Protecting your children is a parent's primary responsibility.  Unfortunately many parents do not realize that they need to protect their children from the media.  The television is a wonderful invention, but the things that are shown on it are not appropriate for many children.  Even if the TV show itself is fine, the commercials bring up topics and show things that are not age appropriate for many children watching. 

Think back to your childhood.  The chances are good that you did not see people sleeping together or getting killed in commercials during your favorite football team's Saturday afternoon game.  I don't need my seven year old asking what erectile dysfunction is when we are trying to watch a baseball game on TV.  I don't want to have to explain to my five year old what birth control pills are and I don't want my eleven year old watching a murder play out in a commercial right before he goes to bed.  Half the battle is in the advertising I have found.   
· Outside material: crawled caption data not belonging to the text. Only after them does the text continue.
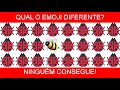 qual é o emoji diferente - encontre o emoji diferente em 30 segundos! encontra o diferente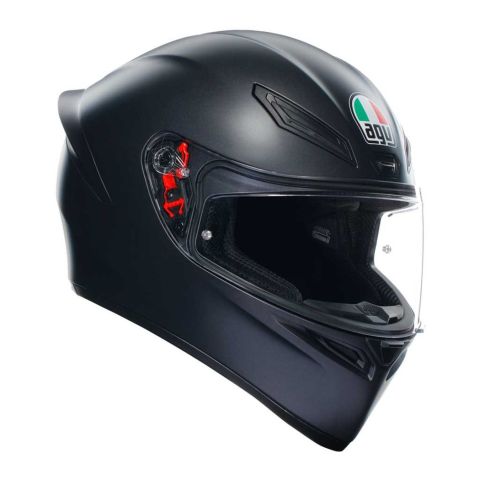 Integralhelm Agv K1 S E06 Solid Matt Black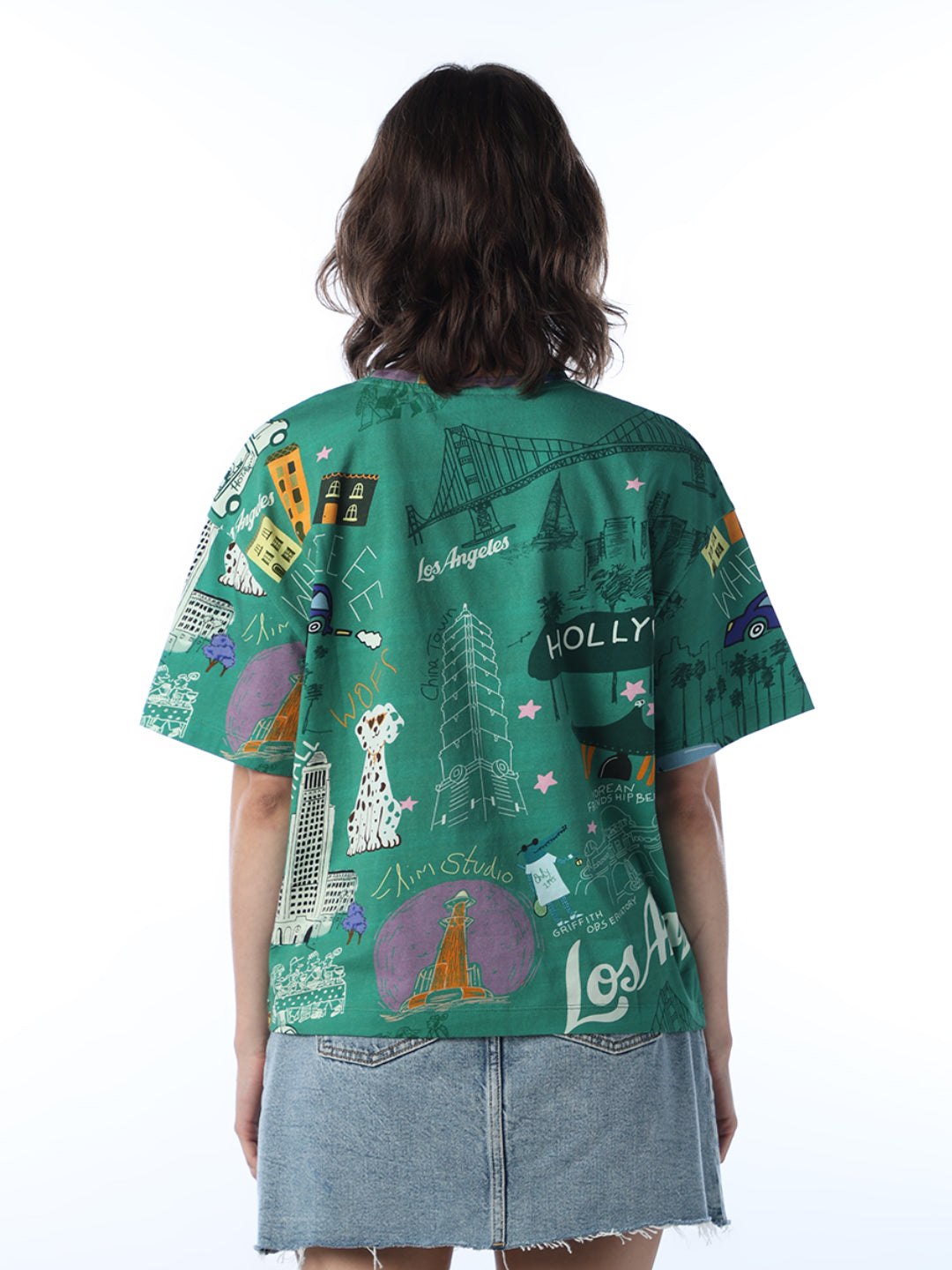 Oversized Cotton T-shirt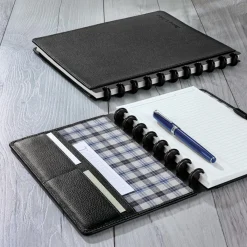 Levenger Junior Notebooks|Letter Notebooks*Bomber Jacket Circa Discbound Notebook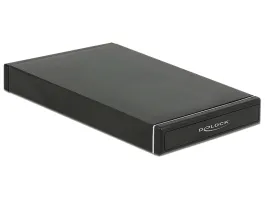 DeLock 2,5&quot; SATA3 HDD/SSD USB 3,0 Külso ház Black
I remember sitting with my oldest son a few years ago in the lunchroom during first grade.  The boy next to him turned to his friend and said he wanted to have sex with a girl in his class.  These kids were six year old!  It turns out his parents watched "Sex in the City" each week with him in the room.  He was exposed to a lot of things he shouldn't have been at age six. Parents please be careful what you watch on TV when your kids are around.  When I watch TV I hold the remote and when commercials come on I change the station so they don't see the bad ones.  I find frequently that even though the show is appropriate, the commercials are not.

Ratings are there for a reason.  As parents it is our responsibility to adhere to them.  I have seen toddlers in R-rated movies.  Kids are very impressionable and seeing rated R things and hearing bad words does affect them and the way they behave.  They are too young to understand it all, but they do know how to copy things they see and hear. 

Many of my oldest son's friends are youngest children.  This area gets sticky, even for me.  While my oldest can handle something, his younger siblings certainly can't.  But so many families let their youngest children do whatever it is their oldest children are doing, regardless of their age or what the video game is rated.  Call of Duty Modern Warfare is rated mature for a reason.  Do not let your young children play this.  It plants the seeds of violence and killing at an age where they are too young to understand that this is not how real life is. 

I realize that each child is different and some 12 year olds might be able to handle Call of Duty.  That is up to the parent to make the decision of course, but please don't just automatically assume everything is fine.  Find some good review sites and consider all the facts about the movie, television show or video game.  Then consider your child and his mental development.  Then make the best decision for your child.  Keep in mind though the other children in the house.  As my oldest has gotten older we have had to reserve certain things for when the other children are in bed at night.  It is a juggling act at times, but protecting my children is my job.

It seems every year our kids grow up faster and faster in regards to what they are exposed to.  Let's change this and start really paying attention to the media that our kids are watching and listening to.  I bet you would be shocked at some of the stuff that kids these days are watching too.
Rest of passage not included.